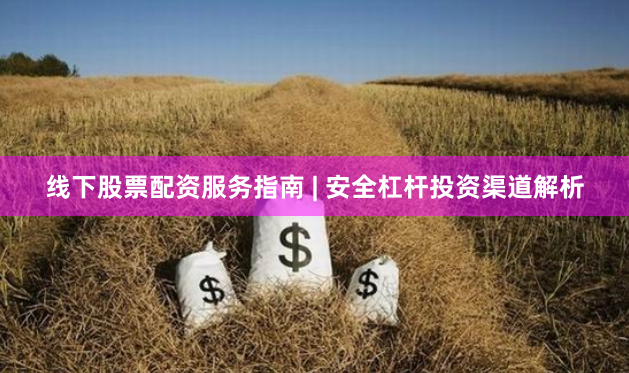 线下股票配资服务指南 | 安全杠杆投资渠道解析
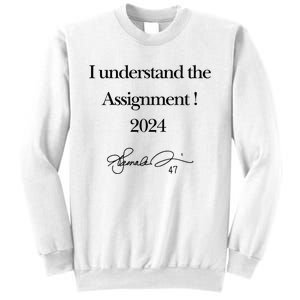 I Understand The Assignment 2024 Kamala Signature Edition Sweatshirt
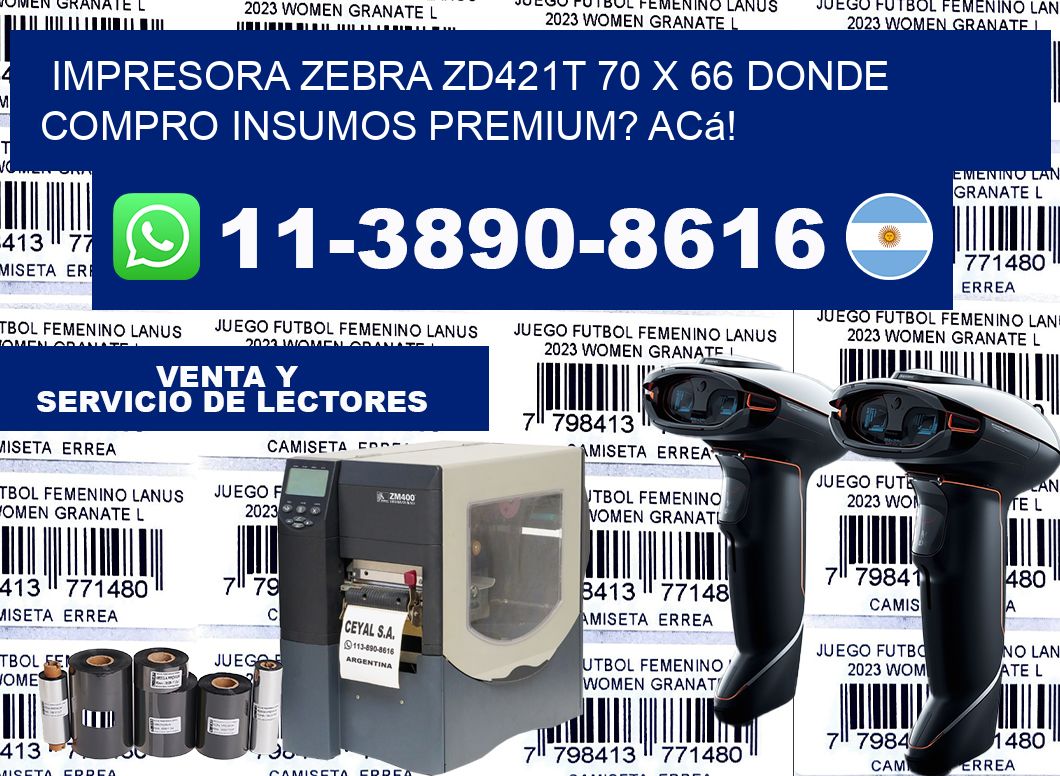 impresora zebra zd421t 70 x 66 Donde compro insumos premium? Acá!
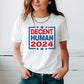 Decent Human 2024  T-shirt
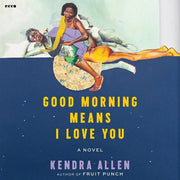 Good Morning Means I Love You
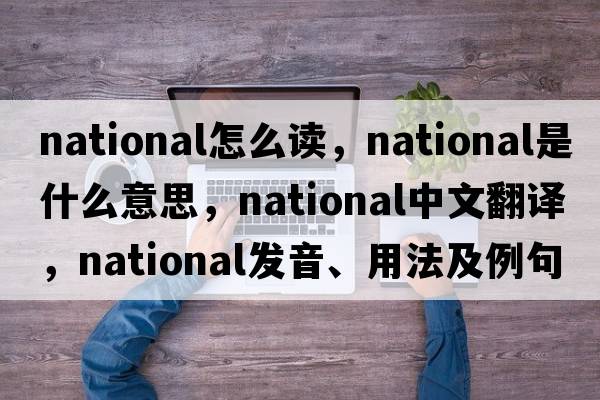 national怎么讀，national是什么意思，national中文翻譯，national發(fā)音、用法及例句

### Work instruction
Exactly the lines from the one containing "impresora zebra zd421t" through the last line of the material above, both included and free of pictures, should make up your answer, please.

### Output of the exercise
 impresora zebra zd421t 70 x 66 Donde compro insumos premium? Acá!
 Decent Human 2024  T-shirt
 Good Morning Means I Love You
 national怎么讀，national是什么意思，national中文翻譯，national發(fā)音、用法及例句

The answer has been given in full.